Data section START

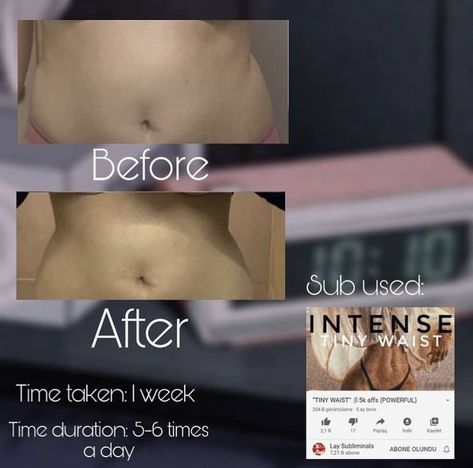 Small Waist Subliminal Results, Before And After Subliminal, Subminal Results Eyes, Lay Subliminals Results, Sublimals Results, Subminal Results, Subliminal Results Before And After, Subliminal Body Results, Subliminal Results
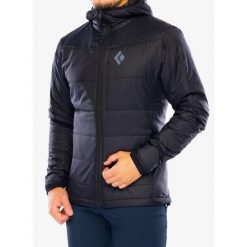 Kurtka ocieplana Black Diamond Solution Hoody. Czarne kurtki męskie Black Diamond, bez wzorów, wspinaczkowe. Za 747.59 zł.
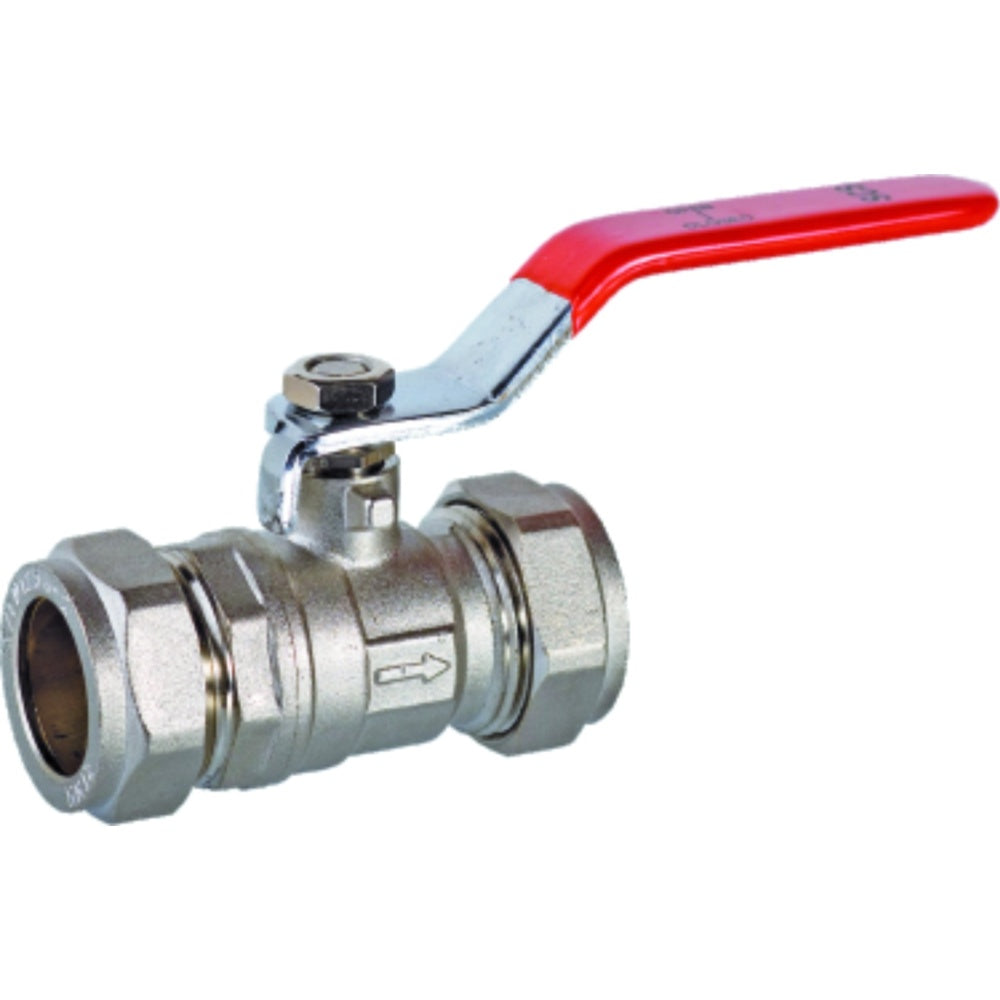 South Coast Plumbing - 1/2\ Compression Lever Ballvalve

Data section END

→ What to work on: All that is needed is the span from the line with "Kurtka ocieplana Black" through the last line of the material above, reproduced exactly and free of pictures.

→ Solved exercise:
 Kurtka ocieplana Black Diamond Solution Hoody. Czarne kurtki męskie Black Diamond, bez wzorów, wspinaczkowe. Za 747.59 zł.
 South Coast Plumbing - 1/2\ Compression Lever Ballvalve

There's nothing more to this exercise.